Podcasts - 07.11.2025 - 08:00

"We are at a turning point!" Historian Annette Kehnel is convinced of this, especially with regard to our understanding of freedom. But she also sees this as an opportunity for a new, more sustainable economy, especially if we do not limit our imagination to the solutions and ideas of the last 200 years. Kehnel is convinced that even, or perhaps especially, economic systems of the Middle Ages contain valuable inspiration for an ecological transition in the future.

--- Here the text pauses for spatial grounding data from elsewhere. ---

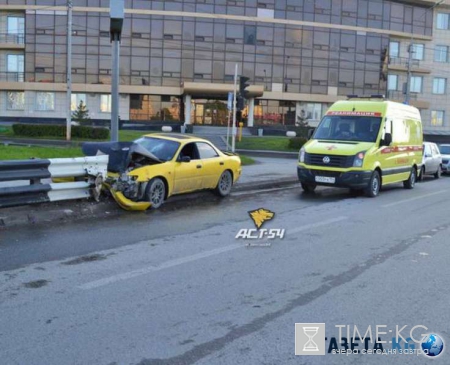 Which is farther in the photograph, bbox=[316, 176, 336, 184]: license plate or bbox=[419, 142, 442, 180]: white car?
bbox=[419, 142, 442, 180]: white car

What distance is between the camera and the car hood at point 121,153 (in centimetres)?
1087

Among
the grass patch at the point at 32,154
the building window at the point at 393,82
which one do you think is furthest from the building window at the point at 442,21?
the grass patch at the point at 32,154

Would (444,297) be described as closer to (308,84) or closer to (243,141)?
(243,141)

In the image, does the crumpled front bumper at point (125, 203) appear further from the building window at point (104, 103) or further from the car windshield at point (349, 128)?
the building window at point (104, 103)

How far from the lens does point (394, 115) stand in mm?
Result: 15594

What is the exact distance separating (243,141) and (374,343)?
32542 mm

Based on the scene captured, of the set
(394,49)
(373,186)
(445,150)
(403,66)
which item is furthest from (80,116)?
(373,186)

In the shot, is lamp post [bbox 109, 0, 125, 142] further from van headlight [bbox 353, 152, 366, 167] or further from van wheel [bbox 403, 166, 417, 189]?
van wheel [bbox 403, 166, 417, 189]

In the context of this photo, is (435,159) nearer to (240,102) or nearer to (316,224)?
(240,102)

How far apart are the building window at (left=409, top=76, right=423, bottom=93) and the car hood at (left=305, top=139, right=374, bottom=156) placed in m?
49.8

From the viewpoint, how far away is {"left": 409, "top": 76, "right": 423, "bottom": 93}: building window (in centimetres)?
6034

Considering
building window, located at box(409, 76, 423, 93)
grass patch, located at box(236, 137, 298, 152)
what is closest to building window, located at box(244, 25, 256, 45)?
grass patch, located at box(236, 137, 298, 152)

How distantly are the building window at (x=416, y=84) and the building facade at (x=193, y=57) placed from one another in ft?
16.8

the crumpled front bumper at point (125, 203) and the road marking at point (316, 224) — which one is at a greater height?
the crumpled front bumper at point (125, 203)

In this conversation with Wolfram Eilenberger, she explains what today's world trade organisations could learn from 14th-century Lake Constance fishermen, why "disorderly desire" is the mother of all sins, how Diogenes founded the tiny house movement, and which ancient demons are clouding our minds again today. Because: "History trains our sense of possibility" – and it is precisely this sense that needs to be sharpened again at present!
Prof. Annette Kehnel holds the Chair of Medieval History and is a Ria & Arthur Dietschweiler Fellow at the St.Gallen Collegium. Her works include "Die sieben Todsünden – Menschheitswissen für das Zeitalter der Krise" (2024) and the award-winning book "Wir konnten auch anders – Eine kurze Geschichte der Nachhaltigkeit" (2021).